Stellvertretend für alle Angehörigen der Todesopfer erinnert die aus Italien angereiste Nadia Zanacchi, deren Tochter Julia in dem engen Tunnel vor dem Veranstaltungsgelände der Loveparade zu Tode gequetscht wurde, an die Emotionen der jungen Menschen. Die italienische Mutter spricht von "einem imensen, endlosen Schmerz" äußert Wut und Enttäuschung. Und sie klagt an: Die Loveparade hätte in Duisburg niemals stattfinden dürfen. Andere Interessen seien höher bewertet worden als Menschenleben. "Wir warten auf eine ehrliche Geste des Respekts für unsere toten Kinder und auf Gerechtigkeit", formuliert Zanacchi.

Dann erheben sich die Menschen von ihren Plätzen, die Namen und das Alter der 21 Todesopfer werden vorgelesen. Rettungskräfte legen für jedes Todesopfer eine große Sonnenblume in ein aus Sonnenblumen geformtes Herz auf dem Rasen. Dazu fallen Regentropfen. "Der Himmel weint mit uns, danke, dass Ihr da seid", sagt Notfallseelsorger Uwe Rieske von der rheinischen Kirche mit Blick auf die Blumen, die die Toten symbolisieren. Nach einer Schweigeminute für die Opfer singt "Der Graf" von der Band "Unheilig" das von Angehörigen gewünschte Lied "Geboren um zu leben".

Hannelore Kraft bittet um Hilfe für alle, die Fehler machten

Der Rettungssanitäter Daniel Otto, beim Unglück vor einem Jahr im Einsatz war, schildert die ersten Stunden der Hilfe "als Wettlauf gegen die Zeit". Als Vertreterin der Duisburger Bürgerschaft sagte Gabriela Grillo, der 24. Juli 2010 sei "ins kollektive Gedächtnis unserer Stadt eingebrannt". Keiner werde diesen schrecklichen Tag jemals vergessen.

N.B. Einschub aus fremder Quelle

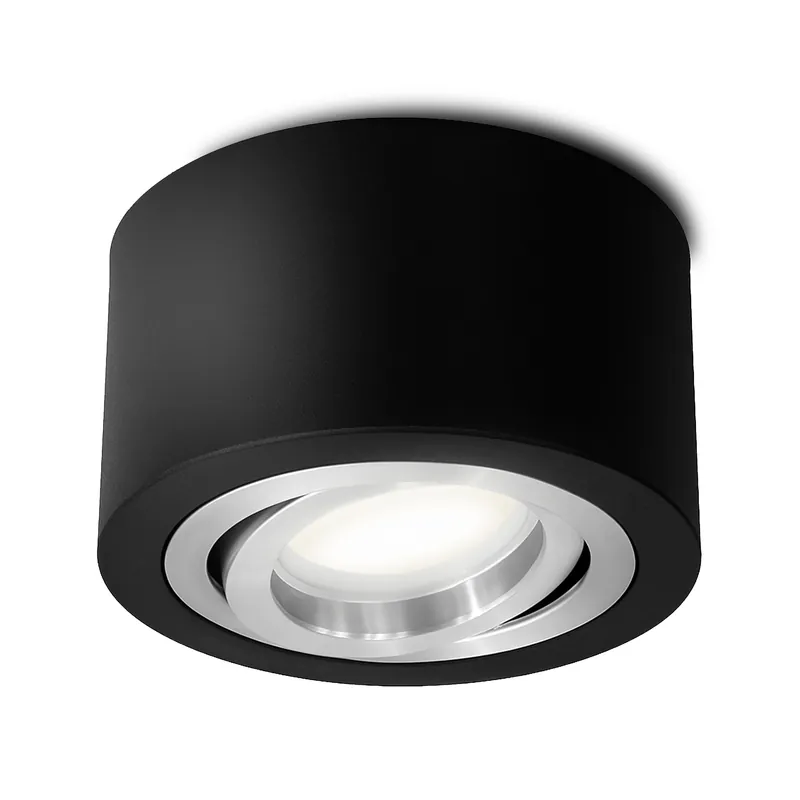 Sale LANTI Aufbaustrahler schwarz schwenkbar rund mit LED Birne 4W neutralweiß 230V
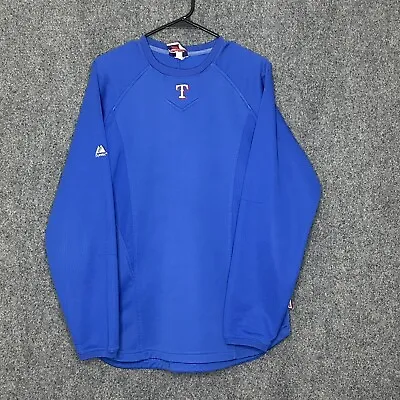 Texas Rangers Sweatshirt Mens Medium Majestic Blue Therma Base Pullover Shirt • $14.99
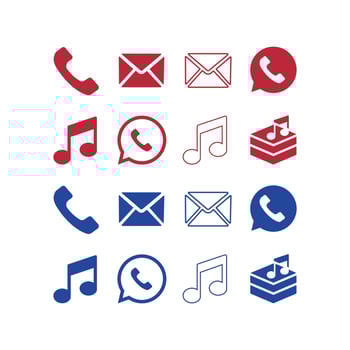 Newest Communication and Music Icons vector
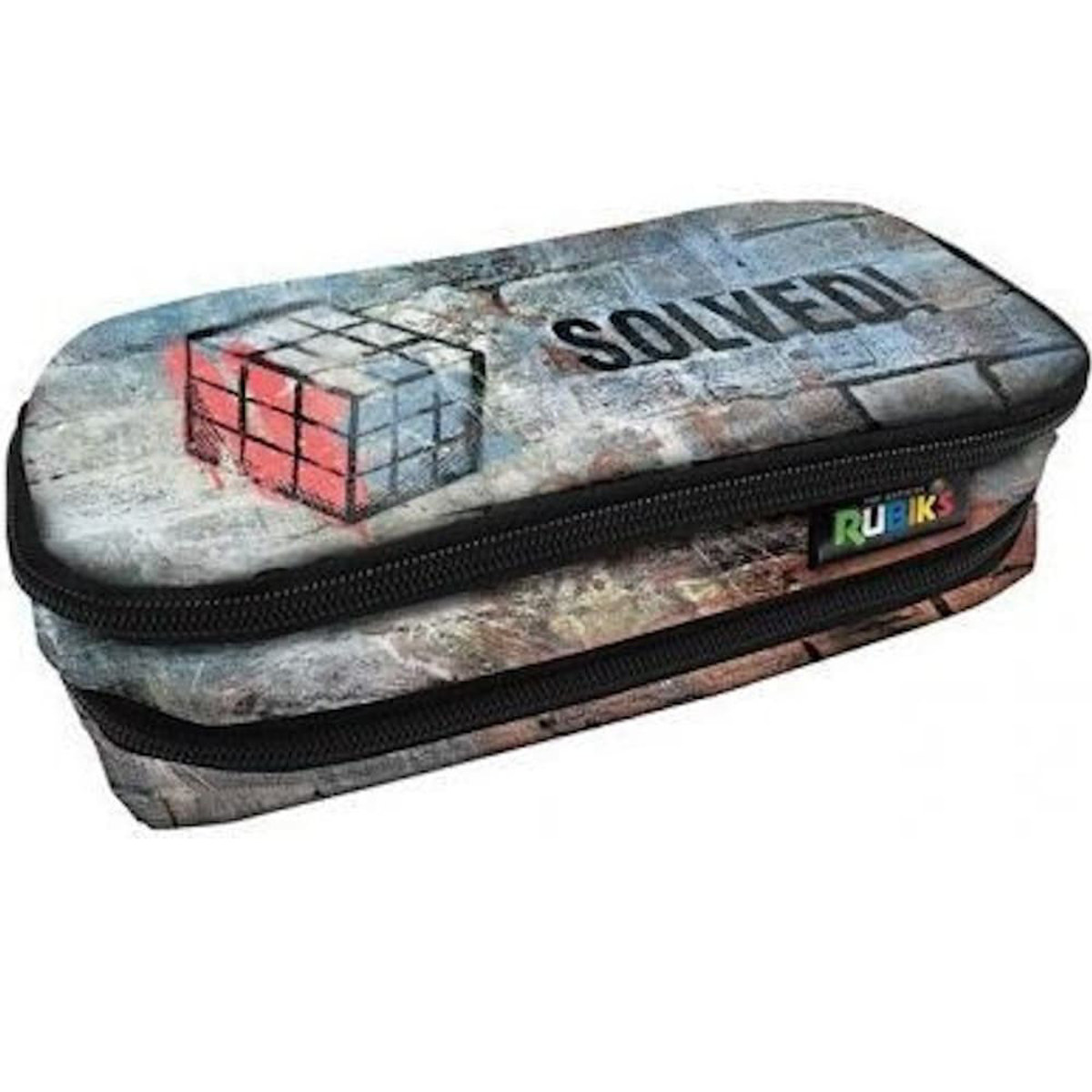 Σχολική κασετίνα oval Graffiti Solved Rubiks σε μαύρο χρώμα με σχέδιο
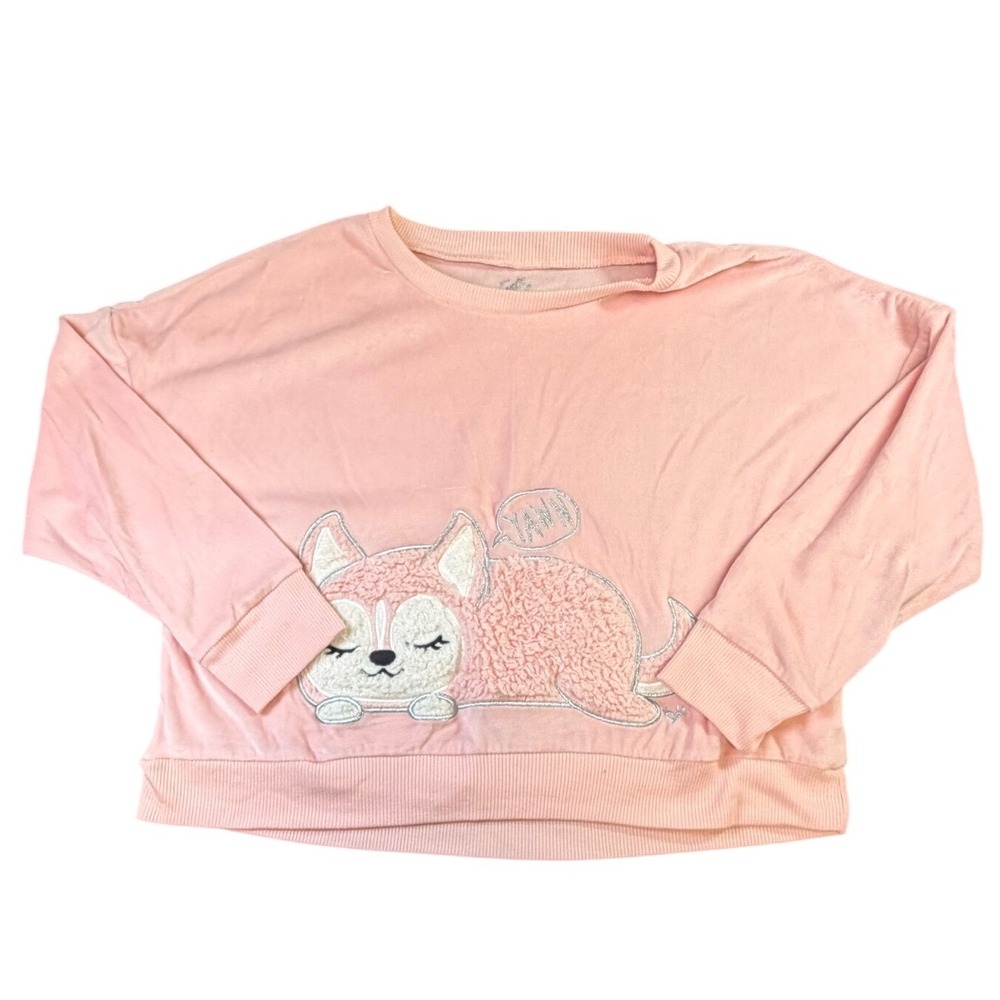 Justice Girls Pink Velour Long Sleeve Top Sleeping Puppy Yawn Graphic Size 12 J9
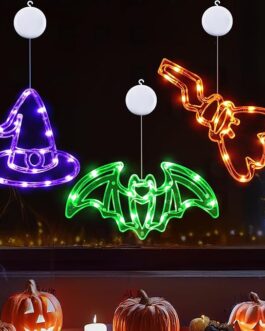 Halloween Window Lights – Bat, Witch Hat, and Broom 3-Pack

NRW-Ministerpräsidentin Hannelore Kraft (SPD) bittet in einer von sieben Fürbitten auch um Hilfe "für alle, die Fehler gemacht haben", und mahnt: "Es braucht Wahrheit, Aufrichtigkeit und Gerechtigkeit, damit Trost und Versöhnung eine Chance haben."

Bild links: Die Besucher der Gedenkfeier in der Duisburger MSV-Arena halten sich an den Händen. Foto: epd-bild/Friedrich Stark

Beim gemeinsamen Lied "Somewhere over the rainbow" fassen sich schließlich alle Menschen im Stadionrund an den Händen. Überlebende und Hinterbliebene treten anschließend den schweren Weg zum Unglücksort an - dem Tunnel Tunnel in der Karl-Lehr-Straße, wo bereits in der Nacht zum Sonntag 1.200 Kerzen entzündet wurden. An die Toten erinnern dort Fotos und 21 Kreuze. Im Stadion erklingt zum Abschluss ein Techno-Song - eine Erinnerung daran, dass vor einem Jahr in Duisburg alle auf ein unbeschwertes Musikfest gehofft hatten. Kurz danach läuten die Glocken aller Duisburger Kirchen.